昨日の野球場での出来事を牧人は思い返していた。確かに現実に起こったことと思えたし、ただベッドの上で見ていた夢のようにも思えた。背骨の真ん中に残るわずかな痛みが現実であった証拠だとは思えなかった。単純に寝違えただけの可能性もある。なにやら奇妙な感触と生々しさが混じり合っている記憶だった。野球場に贄孝太郎がいて、その背後に家族家が立っていた。贄孝太郎は家族家を従えていた。三人で言葉を交わし、自分は黒く長いものに流された。そのときのことを思い出すと、牧人は息がつまった。そこは決して逃れることができない場所だった。そして決して歓迎されてはいない場所。結局はそこから生まれ、そこで死んでいくしかない。そういった選択の余地がない、永遠に広がる場所に連れて行かれたような感覚が牧人の呼吸を困難にさせた。

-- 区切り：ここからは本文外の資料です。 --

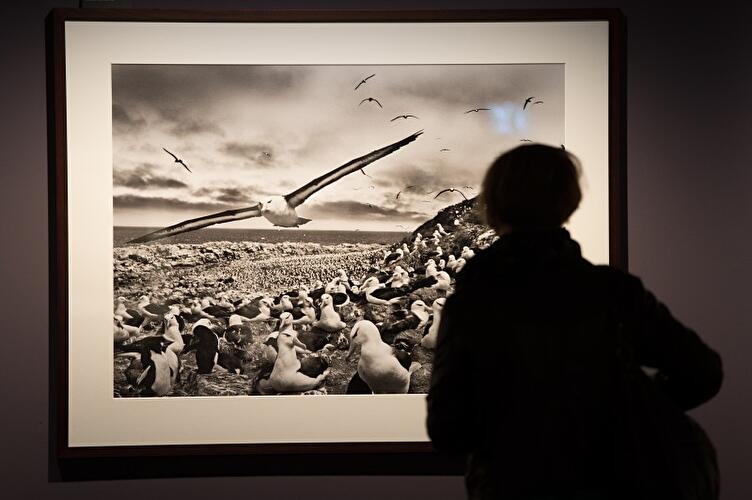 Sebastião Salgado. Genesis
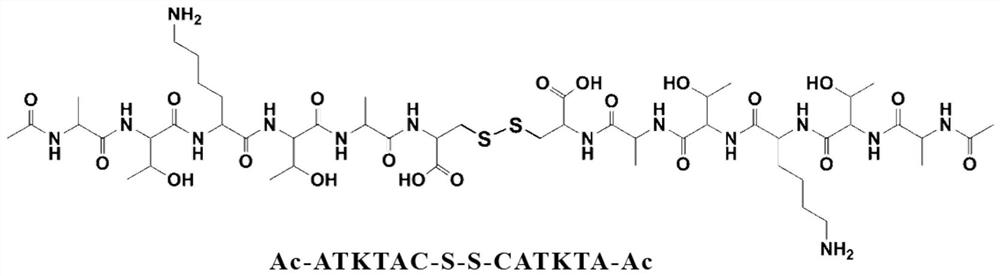 Peptide-drug co-assembly method for constructing reduction-responsive anticancer nanomedicine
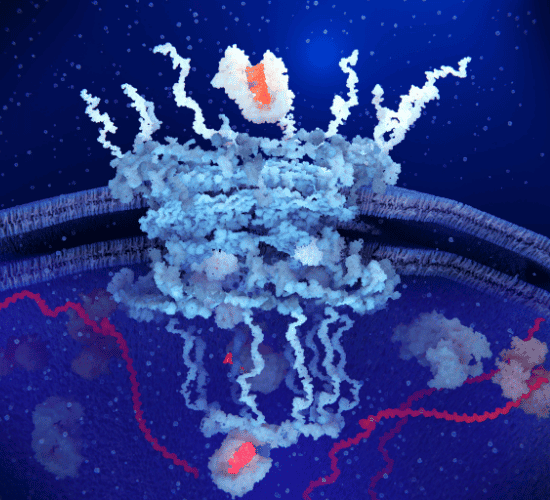 Restriction Enzymes  Quiz: Are You A Genius?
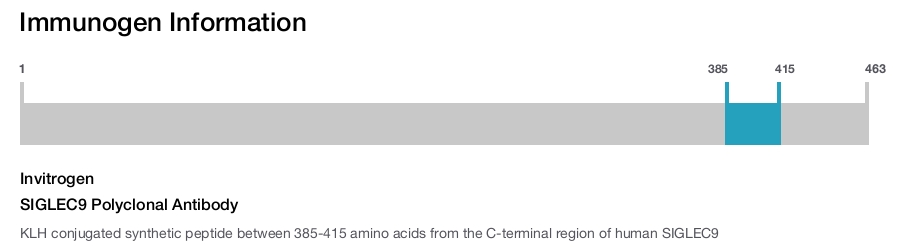 SIGLEC9 Polyclonal Antibody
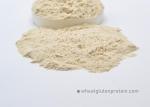 High Purity Vital Wheat Gluten 75.00% Protein No Smell Easy To Storage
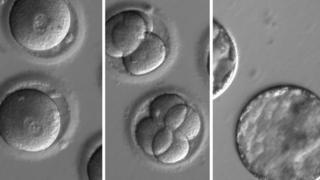 Genes alterados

トレーニングジムの自動ドアの前に着くと、牧人の足が止まった。そこにある傘立てを目にして、自分の手にビニール傘が握られていないことにやっと気づいた。ビニール傘を持っていないことより、持っていないことを気づいていなかった自分に牧人は戸惑った。いくら急いでいるときでも、どんなに晴れているときでも、これまでビニール傘を持ち忘れたことは一度もなかった。やはり昨日のことは現実だったのだ──牧人はジムの中に入った。スタッフルームのドアを開け、制服に着替えるためにロッカー室に移動した。贄孝太郎は家族家を連れてきて、冴との結婚に禍をもたらすであろう自分をどこかに流そうとした。牧人はポロシャツを着て、名札の紐を首から掛けた。それならそれでかまわない。勝手にすればいい。俺は俺の現実に関わっていくだけだ。
「すみません、ちょっといいですか」
牧人はデスクでキーボードを叩いている男性の社員に声を掛けた。社員は手を止め、牧人の顔を見上げた。一度、牧人のみぞおちあたりに視線を下げた後、再び顔を上げた。
「このジムに社員登用の制度があると聞きました。自分は来年の三月に高校を卒業するので、その後はぜひ正社員として働かせていただきたいと考えています」
社員は眉間に皺を寄せ、しばらく考えこんでいた。
「あの……君って、なんて名前だっけ」
牧人は返答に臆した。その社員とは毎回のように業務報告で顔を合わせていた。
「滝乃瀬です」牧人はためらいがちに答えた。
「滝乃瀬? うちにそんな名前の子いたかな」社員は首をひねった。「変だな。もちろん君の顔は知ってるし、下の名前は確か牧人くんだったよな。でも苗字がなんかちょっとな……」
牧人は少し後ずさった。視線が足下に落ちた。
「だってほら、何も書いてないだろ」
社員は牧人のみぞおちを指差した。手に取ってみると、確かにそこにぶら下がっている名札には、漂白剤で洗い流されたように誰の名前も書かれていなかった。